Thursday, May 21, 2015
Stealing their souls
The place, the Los Angeles County Museum of Art. The time, last February. The museum consists of a number of various buildings and courtyards and, coming out of one, we encountered this installation of yellow plastic string— Jesus Rafael Soto's 1990 "Penetrable"—with children happily scampering through it. It seemed a picture. I whipped out my cell phone.
"That's creepy," my teenage son said.
"It's creepy to take photos of other people's children," my wife agreed.
I was taken aback, surprised, indignant. Yes, I knew where they were coming from—fear of perverts—but didn't agree that this was an intrusion.
I gestured to proud parents, standing around, also snapping pictures, one assumed of their kids, who were supposed to play in the thing (One critic called it "part geometric abstraction, part day care.")
"Nobody knows that I'm not the parent of one of these kids," I said.
Or, now that I think of it, the grandparent.
It was a sour moment, that left a bad taste in my mouth for an hour, one that came back to me when reading about an incident earlier this month in Australia.
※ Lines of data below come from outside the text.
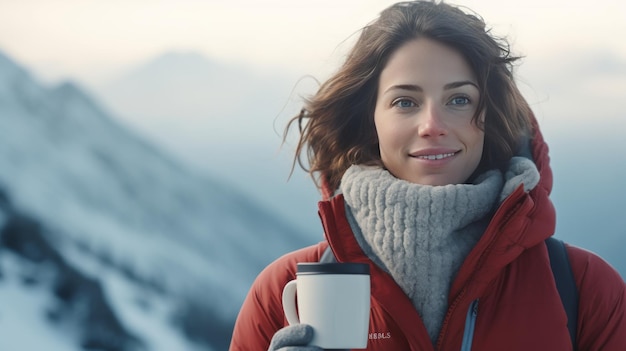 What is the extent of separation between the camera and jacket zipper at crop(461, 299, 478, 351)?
140cm

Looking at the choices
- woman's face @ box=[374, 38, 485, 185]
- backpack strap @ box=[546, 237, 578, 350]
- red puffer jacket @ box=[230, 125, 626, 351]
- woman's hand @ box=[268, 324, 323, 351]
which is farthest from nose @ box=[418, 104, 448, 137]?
woman's hand @ box=[268, 324, 323, 351]

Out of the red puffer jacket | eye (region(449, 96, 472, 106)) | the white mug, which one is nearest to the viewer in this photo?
the white mug

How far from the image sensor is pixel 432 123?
4.79ft

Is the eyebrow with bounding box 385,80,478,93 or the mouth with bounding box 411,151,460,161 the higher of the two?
the eyebrow with bounding box 385,80,478,93

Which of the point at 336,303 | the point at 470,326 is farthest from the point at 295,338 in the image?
the point at 470,326

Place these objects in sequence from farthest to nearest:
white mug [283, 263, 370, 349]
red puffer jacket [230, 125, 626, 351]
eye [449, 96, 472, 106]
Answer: eye [449, 96, 472, 106] → red puffer jacket [230, 125, 626, 351] → white mug [283, 263, 370, 349]

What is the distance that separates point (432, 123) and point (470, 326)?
339 millimetres

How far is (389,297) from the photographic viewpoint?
1.45 meters

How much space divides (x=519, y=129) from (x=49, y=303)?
2970 mm

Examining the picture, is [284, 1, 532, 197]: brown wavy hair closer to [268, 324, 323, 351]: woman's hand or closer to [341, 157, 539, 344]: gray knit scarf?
[341, 157, 539, 344]: gray knit scarf

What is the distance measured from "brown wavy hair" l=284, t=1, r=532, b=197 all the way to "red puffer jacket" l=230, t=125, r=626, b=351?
0.15m

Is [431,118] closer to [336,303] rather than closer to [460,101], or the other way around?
[460,101]

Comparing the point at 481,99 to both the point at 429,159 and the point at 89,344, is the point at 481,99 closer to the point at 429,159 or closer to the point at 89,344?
the point at 429,159

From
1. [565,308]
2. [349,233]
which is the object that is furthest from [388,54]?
[565,308] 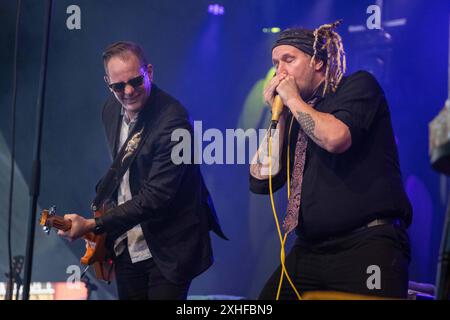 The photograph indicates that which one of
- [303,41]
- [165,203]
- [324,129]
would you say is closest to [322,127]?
[324,129]

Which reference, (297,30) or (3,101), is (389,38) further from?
(3,101)

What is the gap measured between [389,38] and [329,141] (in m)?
2.46

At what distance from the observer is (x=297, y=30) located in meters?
3.29

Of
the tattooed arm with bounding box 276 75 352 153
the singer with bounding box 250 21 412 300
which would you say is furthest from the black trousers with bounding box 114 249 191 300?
the tattooed arm with bounding box 276 75 352 153

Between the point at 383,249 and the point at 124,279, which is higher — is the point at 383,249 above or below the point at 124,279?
above

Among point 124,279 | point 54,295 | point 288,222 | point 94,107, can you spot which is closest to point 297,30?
point 288,222

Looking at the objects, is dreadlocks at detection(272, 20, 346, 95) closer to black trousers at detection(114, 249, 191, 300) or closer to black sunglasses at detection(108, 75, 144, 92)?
black sunglasses at detection(108, 75, 144, 92)

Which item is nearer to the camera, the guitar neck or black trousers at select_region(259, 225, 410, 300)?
black trousers at select_region(259, 225, 410, 300)

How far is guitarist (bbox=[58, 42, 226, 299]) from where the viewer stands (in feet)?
11.7

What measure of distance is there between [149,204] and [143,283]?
0.43m

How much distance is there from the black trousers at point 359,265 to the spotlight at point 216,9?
234 centimetres

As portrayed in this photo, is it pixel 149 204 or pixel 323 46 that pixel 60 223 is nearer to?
pixel 149 204

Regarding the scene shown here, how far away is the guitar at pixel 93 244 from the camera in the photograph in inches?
143

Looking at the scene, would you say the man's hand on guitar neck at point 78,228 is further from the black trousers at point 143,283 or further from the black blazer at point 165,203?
the black trousers at point 143,283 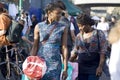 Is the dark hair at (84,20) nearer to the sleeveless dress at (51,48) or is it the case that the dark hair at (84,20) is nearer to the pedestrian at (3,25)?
the sleeveless dress at (51,48)

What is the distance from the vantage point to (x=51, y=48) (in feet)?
19.6

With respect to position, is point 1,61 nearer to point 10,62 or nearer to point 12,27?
point 10,62

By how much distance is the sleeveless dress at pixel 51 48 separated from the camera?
5984 millimetres

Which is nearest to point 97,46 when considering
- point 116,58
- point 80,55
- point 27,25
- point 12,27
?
point 80,55

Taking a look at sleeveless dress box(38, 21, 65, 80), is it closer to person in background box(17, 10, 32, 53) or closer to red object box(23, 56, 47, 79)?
red object box(23, 56, 47, 79)

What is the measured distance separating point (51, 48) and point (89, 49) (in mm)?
726

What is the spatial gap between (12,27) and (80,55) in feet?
10.1

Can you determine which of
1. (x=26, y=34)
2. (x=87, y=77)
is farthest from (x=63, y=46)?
(x=26, y=34)

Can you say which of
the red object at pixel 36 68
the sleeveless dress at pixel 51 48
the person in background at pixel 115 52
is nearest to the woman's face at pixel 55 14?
the sleeveless dress at pixel 51 48

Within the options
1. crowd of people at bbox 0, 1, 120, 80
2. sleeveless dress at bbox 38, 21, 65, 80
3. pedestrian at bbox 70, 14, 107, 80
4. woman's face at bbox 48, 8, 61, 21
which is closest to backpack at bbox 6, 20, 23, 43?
crowd of people at bbox 0, 1, 120, 80

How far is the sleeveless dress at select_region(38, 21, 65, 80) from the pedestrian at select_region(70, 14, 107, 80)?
1.75ft

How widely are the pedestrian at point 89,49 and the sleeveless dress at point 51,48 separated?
535 millimetres

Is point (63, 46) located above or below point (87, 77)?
above

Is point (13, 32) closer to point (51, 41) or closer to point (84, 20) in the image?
point (84, 20) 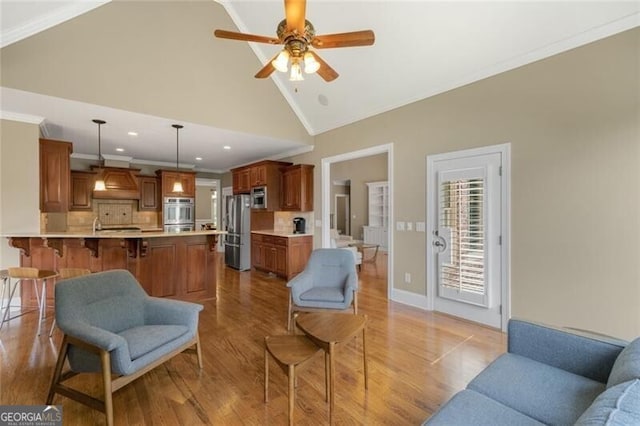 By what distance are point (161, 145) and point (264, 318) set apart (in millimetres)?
4149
A man took a selfie in front of a Darth Vader poster at a mall, and said some benign comment to a group of nearby kids, waiting to take a picture as well, something along the lines of, "I'll be done in a minute." Their mother caught the exchange but not what was said, instantly decided her children were being approached by a would-be molester, snapped his picture, and posted it online identifying him as "a creep." The post was shared thousands of times, the man's complete innocence established, and soon the mom was getting death threats and issuing "a groveling apology" through the Daily Mail.
Fear spreads instantly but rationality takes its time. Being kidnapped by strangers is a risk, but a minute one. Far greater is the risk of overprotective parents warping their children'a lives by living in a state of constant fear, or blaming innocent persons doing unobjectionable things. I don't consider the above an inappropriate picture, nor the taking it, in a courtyard at the Los Angeles County Museum of Art, an act of questionable judgment. Or was it?